Ora, un personaggio emancipato, avanti coi tempi, ci può pure stare; ma l'intero mondo che la circonda dovrebbe inorridire nel vedere una ragazza comportarsi in questa maniera, e, probabilmente, dovrebbe andarla a stanare di notte con le torce e i forconi. L'ostilità nei suoi confronti dovrebbe ben presto diventare un problema per Theresa. Invece le viene finanche permesso di tentare la prova che da apprendista scrivana l'avrebbe fatta diventare una scrivana vera e propria. Poco o nulla conta il fatto che il percamenarius (ovvero, una sorte di custode delle pergamene da trascrivere) le sia ostile e la sottoponga a prove impossibili; poco conta che la sua ostilità generi poi l'accusa di aver causato l'incendio del laboratorio. Il punto è che all'epoca una donna non avrebbe mai potuto nemmeno aspirare a farla, quella prova.
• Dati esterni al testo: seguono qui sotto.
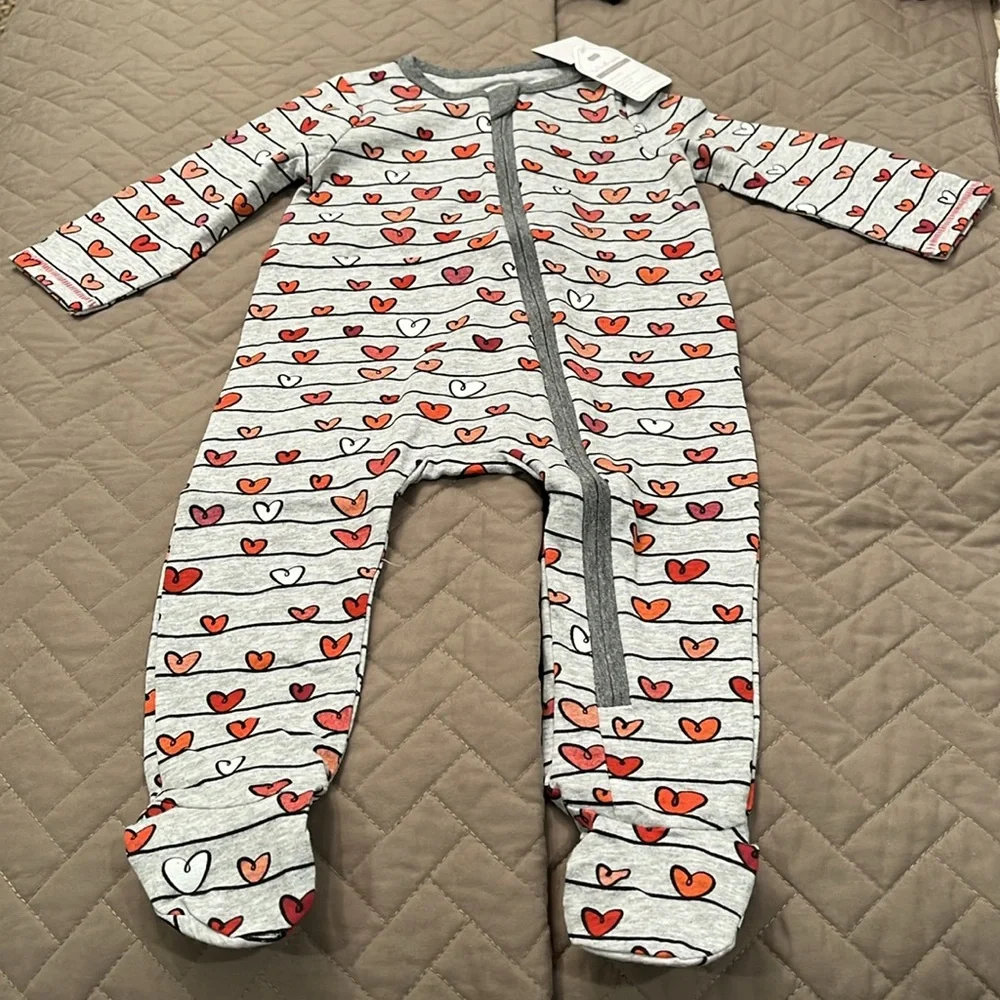 MUD PIE HEART GRAY BABY SLEEPER/ NWT/6-9 MONTHS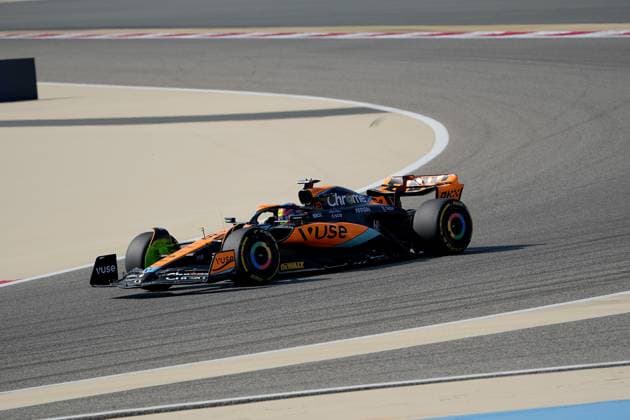 03.03.2023, Bahrain International Circuit, Sakhir, Formula 1 Gulf Air Bahrain Grand Prix 2023 ,im Bild Oscar Piastri (AUS), McLaren F1 Team Sakhir Bahrain International Circuit Bahrain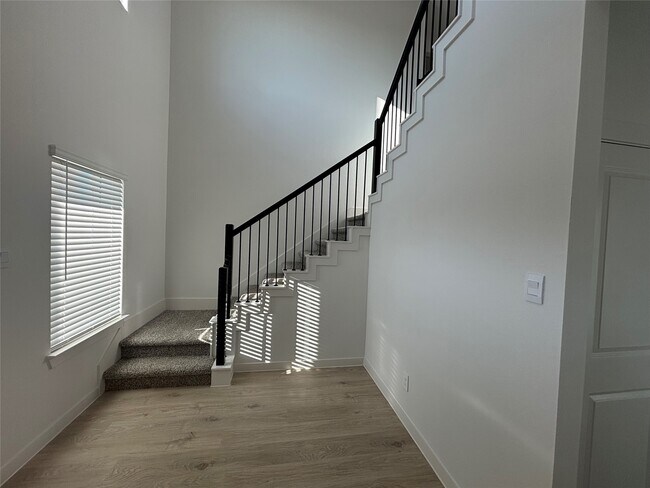 Foto del edificio - 4315 Windsor Frst Ct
La letteratura, storica e non, è piena di figure femminili che tentano di aggirare i limiti imposti dalla società nelle maniere più fantasiose. Potrei perfino citarvi Mulan delle Disney - che proprio un trattato di storia non è, ma almeno gli scenaggiatori si rendono conto che all'epoca, in Cina, una donna non poteva diventare un soldato, e difatti Mulan si traveste da uomo per andare in guerra al posto dell'anziano padre, ma, se non ricordo male, quando viene scoperta, Mulan non è elogiata per il suo coraggio e bla bla bla, ma viene accusata di aver disononrato la sua famiglia col suo comportamento inappropriato. Solo quando salva la vita all'Imperatore, per Mulan ci sarà un po' di gloria, e sto parlando di un cartone animato!
E quando ti viene spontaneo citare un cartone animato delle Disney come esempio di maggior accuratezza rispetto ad un romanzo storico, quello è il segnale che qualcosa nel mondo non va.
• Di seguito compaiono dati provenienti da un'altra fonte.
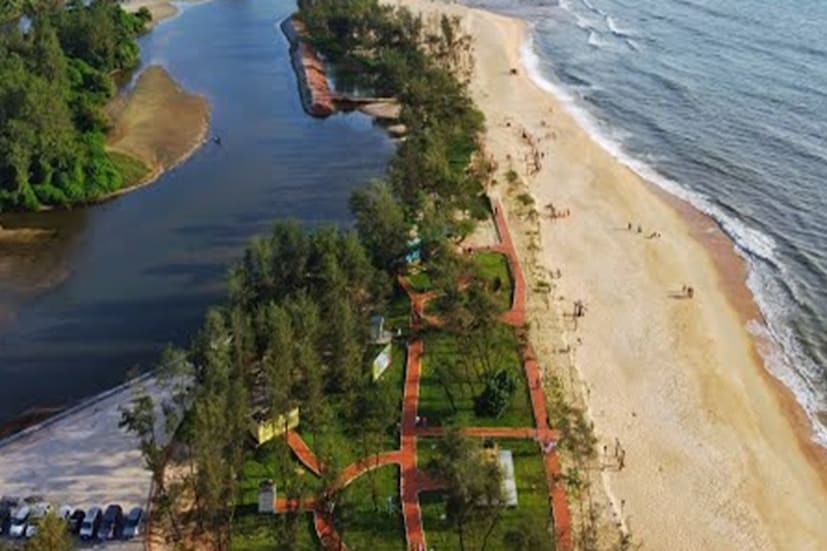 পাড়ুবিদরি বিচ, কর্ণাটক: দাগহীন বালি এবং শান্ত নীল জলের জন্য পরিচিত এই সৈকত প্রাকৃতিক সৌন্দর্য এবং পর্যটনের একটি নিখুঁত মিশ্রণ প্রদান করে।রাধানগর বিচ, আন্দামান ও নিকোবর দ্বীপপুঞ্জ: প্রায়শই সবচেয়ে সুন্দর বিচের মধ্যে এর নাম উঠে আসে, রাধানগর সৈকত তার সুন্দর জল এবং মনোমুগ্ধকর সূর্যাস্তের জন্য বিখ্যাত। 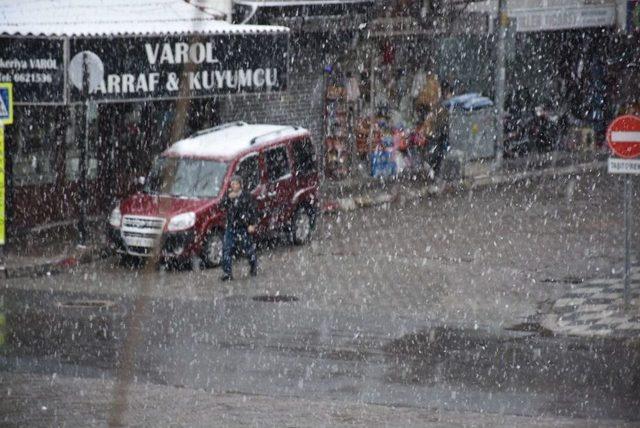 Balıkesir’in Yüksek Kesimleri Beyaza Büründü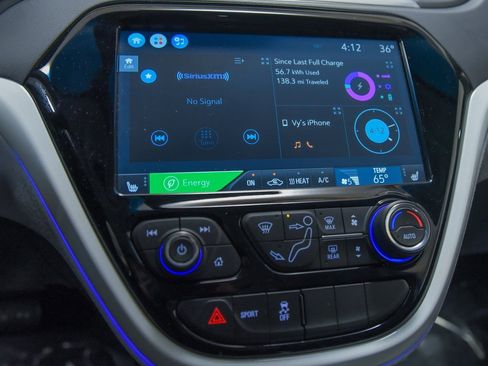 Used 2019 Chevrolet Bolt Premier w/ Infotainment Package image 7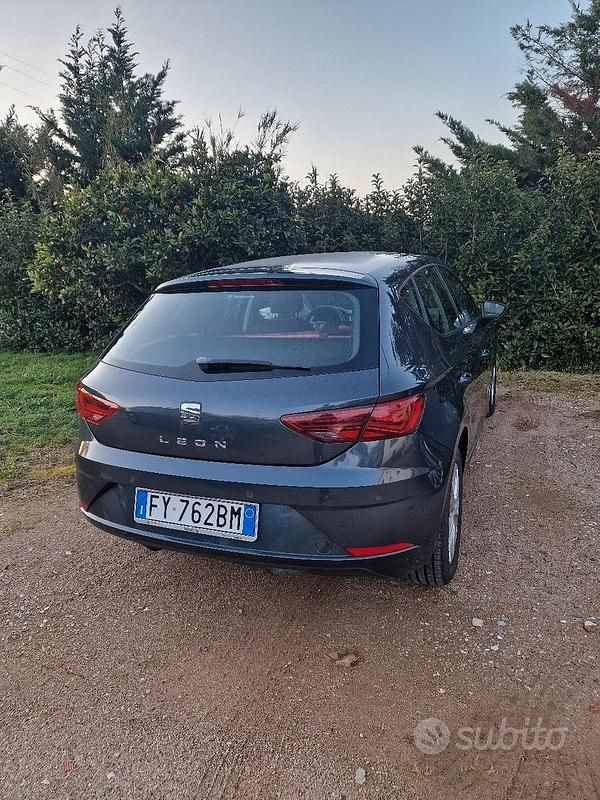 Usata Seat Leon Style 116 CV (85 kW) 2019 Berlina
E secondo me, quello che non va si intuisce da un'affermazione che l'autore fa nei ringraziamenti finali.

Un romanzo storico deve essere, più che storia, un romanzo. La documentazione non è che la scenografia, la vernice che fa brillare e mette in luce i personaggi, l'involucro che li legittima e li rende verosimili. Ma, come accade anche con una vernice troppo densa, se la documentazione cresce fino a rendere opaca la tela, senza dubbio il dipinto verà rovinato.

Mi dispiace, ma il ragionamento è viziato. La documentazione non è scenografia, non è una cornice, ma rappresenta le fondamenta su cui poggia il romanzo. La documentazione non potrà mai essere così eccessiva da rovinare un romanzo, perchè per ambientare una storia in un determinato periodo storico, lo devi studiare fino alla noia; devi sapere vita, morte e miracoli dell'epoca - e poi, eventualmente, puoi prenderti qualche licenza artistica. Puoi far soggiornare un personaggio storico in un luogo dove in realtà non è mai stato; puoi mettere un'epidemia di peste in un periodo in cui non c'è stata, ma non puoi ignorare il contesto sociologico e culturale dell'epoca, perchè altrimenti il romanzo storico non è più tale. Ci sono dei paletti che non puoi spostare, altrimenti il periodo storico cessa di essere, per l'appunto, storico, e diventa altro, o meglio, niente.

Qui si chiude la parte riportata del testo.